Task brief: What follows is a set of records; repeat them exactly, without the pictures.

BEGIN Input data

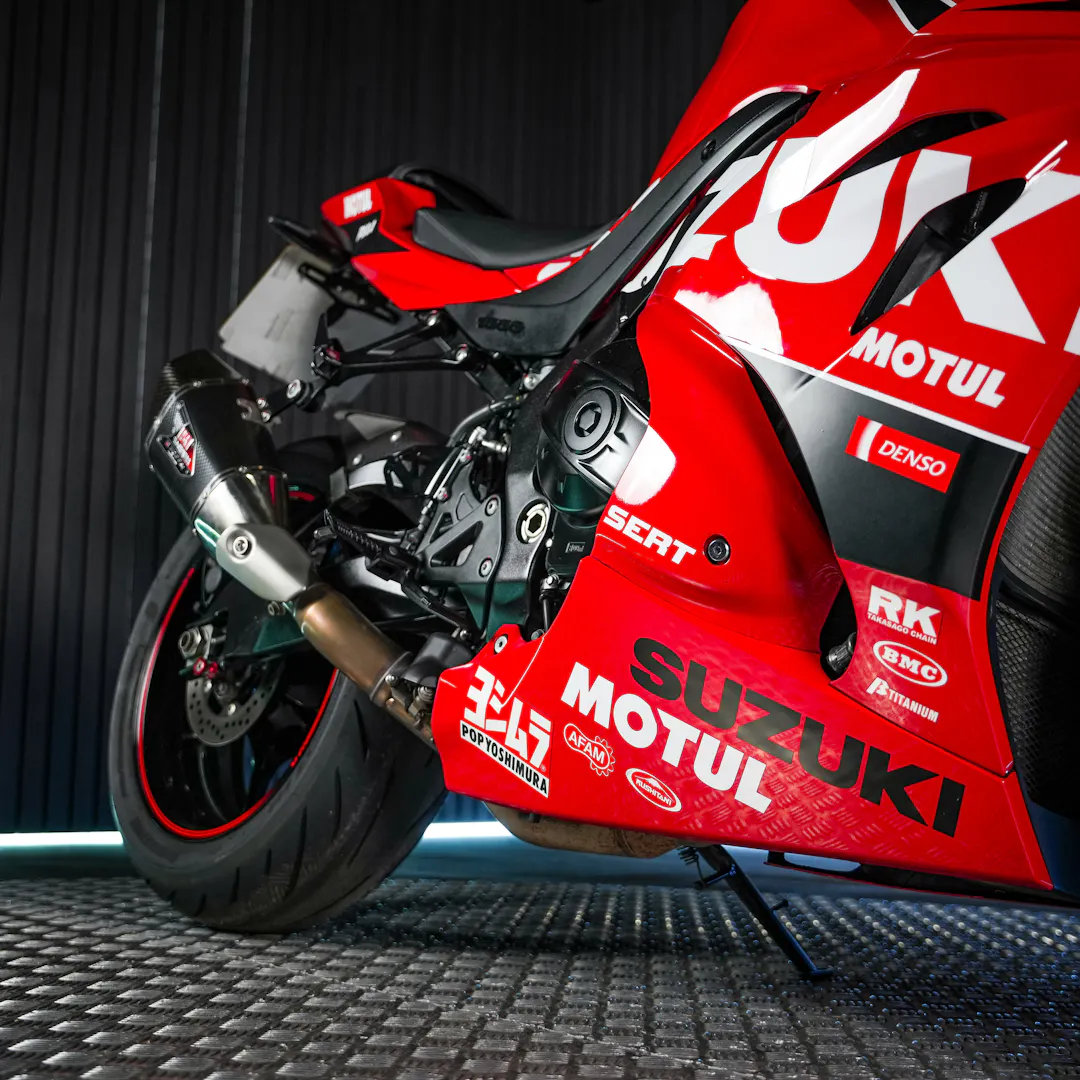 2017 Suzuki GSXR 1000 Motul Yoshimura — Suzuki GSX R1000 - FP17WPT-3.JPG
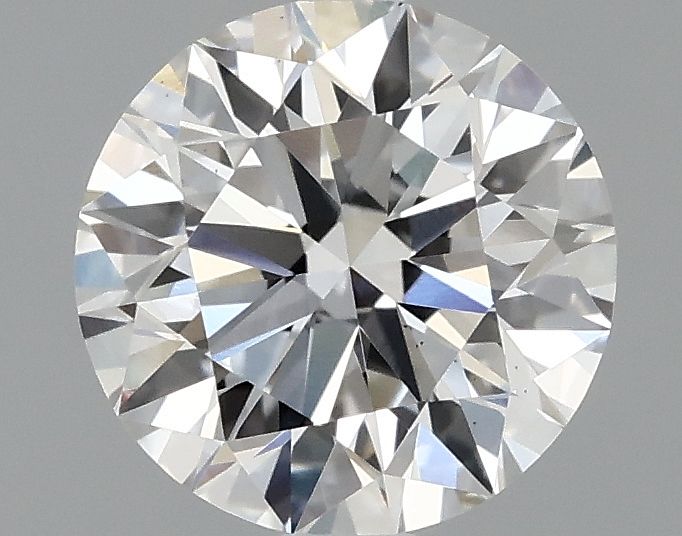 1.04 ct. round Lab Grown Diamond front image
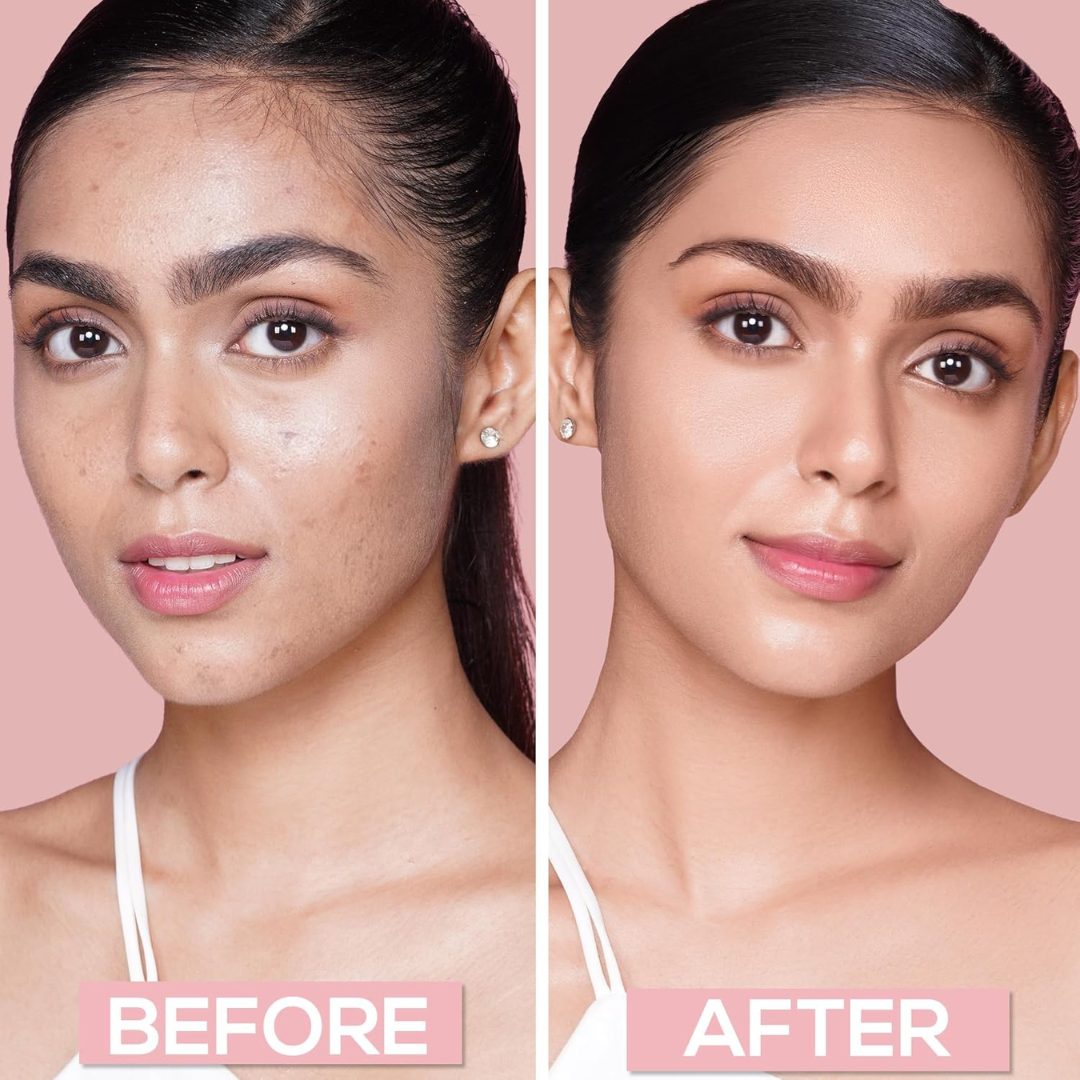 All In One Tinted Moisturizer  I Skincare, Hydration and Coverage for daily wear I Perfect for Radiance And Dewy Look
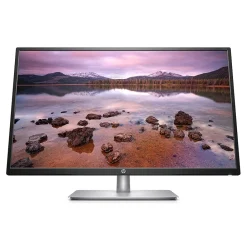 Sale HP 32s Monitor, 31.5" Full HD IPS LED Monitor , Silver/Black (2UD96AA#ABA)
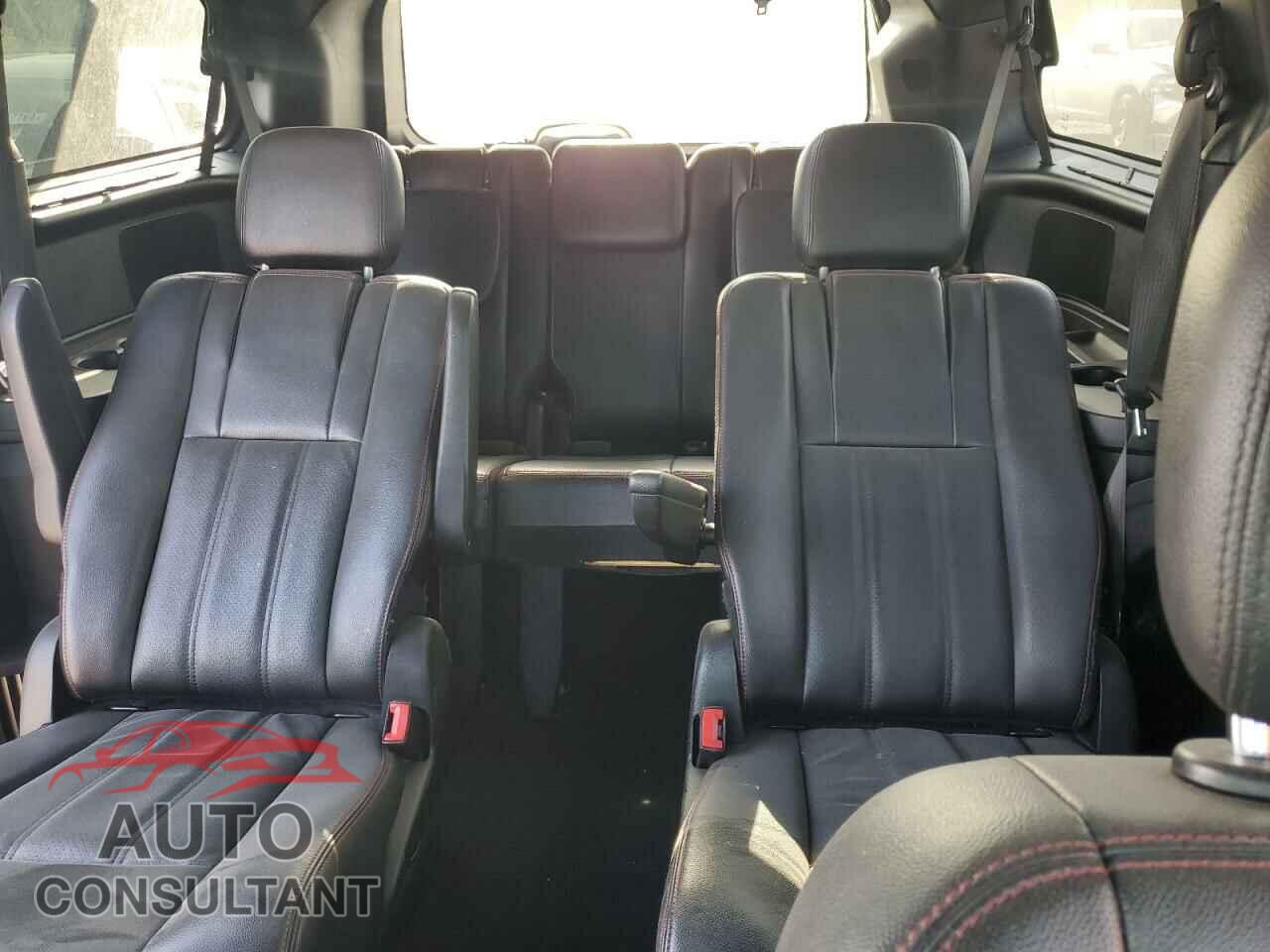DODGE CARAVAN 2017 - 2C4RDGEG0HR715744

END Input data

Written solution:
 2017 Suzuki GSXR 1000 Motul Yoshimura — Suzuki GSX R1000 - FP17WPT-3.JPG
 1.04 ct. round Lab Grown Diamond front image
 All In One Tinted Moisturizer  I Skincare, Hydration and Coverage for daily wear I Perfect for Radiance And Dewy Look
 Sale HP 32s Monitor, 31.5" Full HD IPS LED Monitor , Silver/Black (2UD96AA#ABA)
DODGE CARAVAN 2017 - 2C4RDGEG0HR715744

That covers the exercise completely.